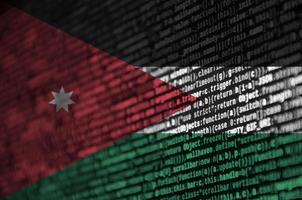 Jordan flag is depicted on the screen with the program code. The concept of modern technology and site development photo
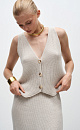 Трикотажный жилет из шерсти. Модель прямого кроя с V-образным вырезом и застежкой на пуговицы. Дополнить образ можно юбкой в таком же стиле.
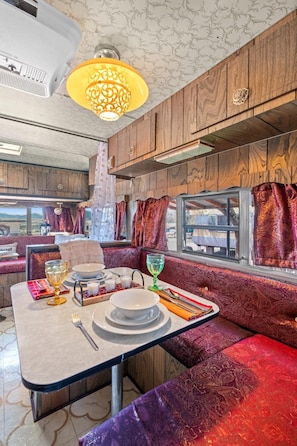 A compact RV interior with a dining area, seating, and a window providing a view. - Vintage Resort Stay | Magic Lamp | Cañon City, CO (Canon City)
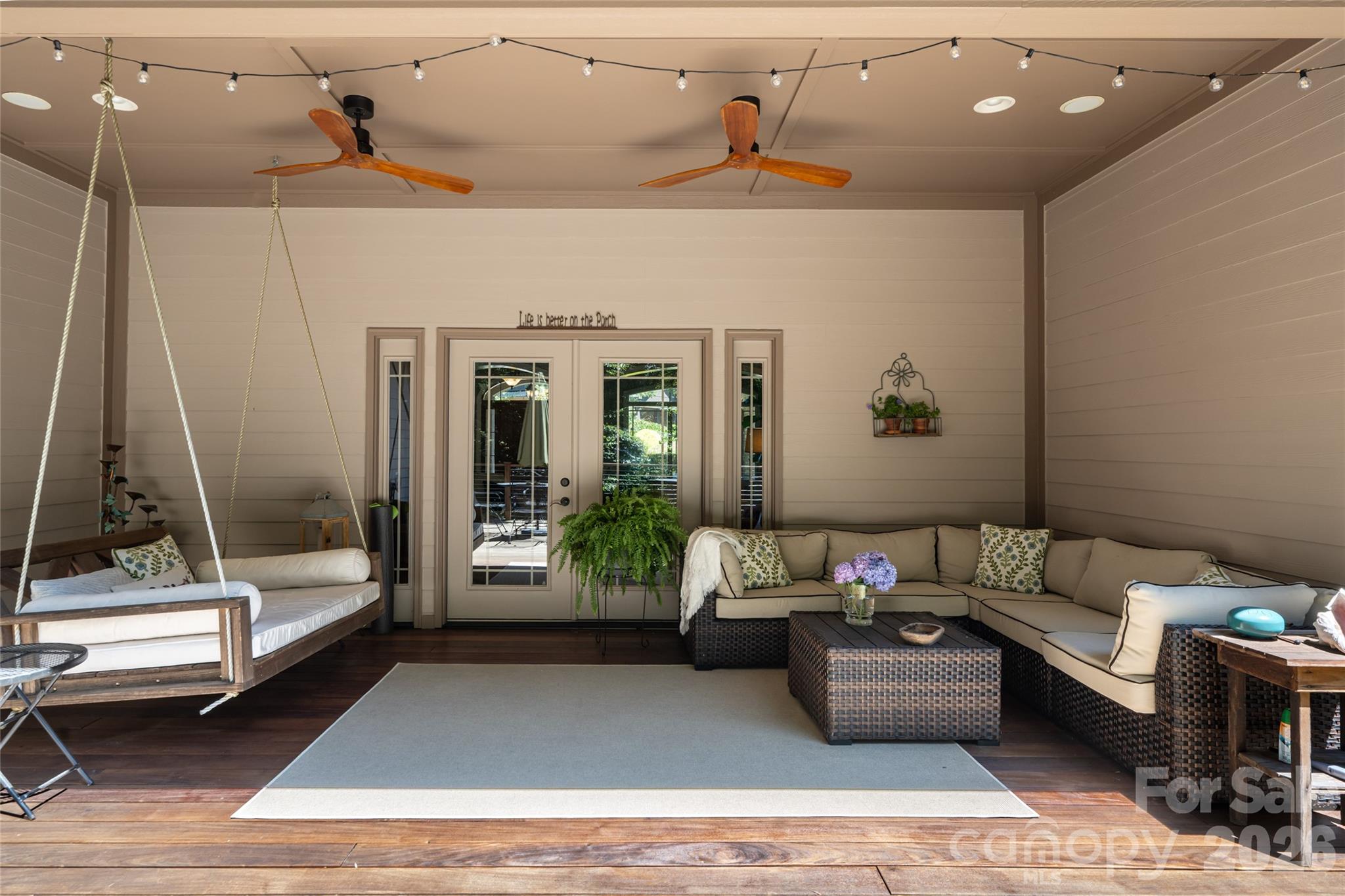 A large, private back porch with Ipe flooring and a hanging porch bed - 170 Cape Martin Circle, Hendersonville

■ ■ ■ ■ ■ ■ ■

Set the preceding data down again word for word, omitting images.

 Jordan flag is depicted on the screen with the program code. The concept of modern technology and site development photo
 Трикотажный жилет из шерсти. Модель прямого кроя с V-образным вырезом и застежкой на пуговицы. Дополнить образ можно юбкой в таком же стиле.
 A compact RV interior with a dining area, seating, and a window providing a view. - Vintage Resort Stay | Magic Lamp | Cañon City, CO (Canon City)
 A large, private back porch with Ipe flooring and a hanging porch bed - 170 Cape Martin Circle, Hendersonville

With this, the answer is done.